According to the latest available release of American Community Survey data:

  • While 86.5% of households in Pittsburgh have a broadband subscription; 
    • only 70.8% of senior households (over 65 years old) have a broadband subscription; and 
    • only 71.1% of households making less than $20,000 annually have a broadband subscription. 
  • 17.6% of households in Pittsburgh do not have a laptop, desktop, or tablet computer, leaving low-income residents, particularly in Black and Hispanic households, to struggle with using their cellular phones for necessary online services.

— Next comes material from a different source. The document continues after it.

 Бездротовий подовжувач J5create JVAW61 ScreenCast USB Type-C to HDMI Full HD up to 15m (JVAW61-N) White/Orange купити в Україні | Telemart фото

Local surveys, national surveys, and anecdotal evidence demonstrate that affordability is the biggest reason households do not subscribe to broadband, and a lack of understanding for how to use a computer is a major contributing factor. Additionally, a 2022 Southwestern Pennsylvania Commission report on Equitable Broadband Access indicates that Seniors, Families with K-12 students, and Black citizens are disproportionately disconnected, and efforts should be taken to help these key populations.



A coordinated effort led by County and City officials along with leaders from other anchor institutions will allow the Pittsburgh region to submit well-rounded applications for enough funding to make digital equity a reality in the years to come and address the gaps in digital skills, low-cost high-speed internet services, access to devices and technical assistance.